Supported by the National Science Foundation’s Center for Advanced Forestry Systems and the University of Idaho’s Intermountain Forestry Cooperative, forest carrying capacity models were developed for key U.S. forest ecosystems: the mixed conifer forests of the Pacific Northwest and Rocky Mountains, loblolly pine ecosystems in the Southeast, and mixed conifer/hardwood forests in the Northeast and Lake States (Fig. 2).
These models were built using a vast dataset of over 350,000 inventory plots from federal, state, and industrial forest management organizations.
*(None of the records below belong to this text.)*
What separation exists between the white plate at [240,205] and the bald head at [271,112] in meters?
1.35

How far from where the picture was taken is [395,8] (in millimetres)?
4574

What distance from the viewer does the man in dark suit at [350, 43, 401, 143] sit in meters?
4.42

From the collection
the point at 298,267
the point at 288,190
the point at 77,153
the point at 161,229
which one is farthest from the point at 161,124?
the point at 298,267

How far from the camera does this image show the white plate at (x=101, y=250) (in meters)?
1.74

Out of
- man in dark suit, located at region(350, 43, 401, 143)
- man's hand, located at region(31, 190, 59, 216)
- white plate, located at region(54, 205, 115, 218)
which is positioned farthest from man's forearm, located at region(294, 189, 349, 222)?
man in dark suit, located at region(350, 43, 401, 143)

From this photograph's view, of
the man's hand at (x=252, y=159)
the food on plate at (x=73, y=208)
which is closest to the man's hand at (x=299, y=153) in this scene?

Advanced machine learning techniques, including Minimum Redundancy Maximum Relevance (MRMR) feature selection and Quantile Gradient Boosted Machine (QGMB) modeling, were employed to estimate SDImax based on physiographic and stand variables unique to each region. Key factors included the species’ shade and drought tolerance, species diversity, soil characteristics, topography (elevation and solar radiation), and climate variables such as annual and growing season precipitation, precipitation as snow, frost-free period length, and temperature extremes.
The resulting models and site feature raster grids were integrated into user-friendly tools tailored to organizational workflows, including a web application (Fig. 3), an ESRI ArcPro toolbox add-in, and Jupyter Notebook- Python code for database integration. These tools enable forest managers to map carrying capacity at landscape and management-unit scales.
Additionally, the climate-driven nature of these models has allowed researchers at the University of Idaho to project how shifts in temperature and precipitation may affect future forest carrying capacity (Heiderman and Kimsey 2023). These tools provide forest managers with spatially and temporally explicit guidance for site-specific density management, adaptable to current or future conditions.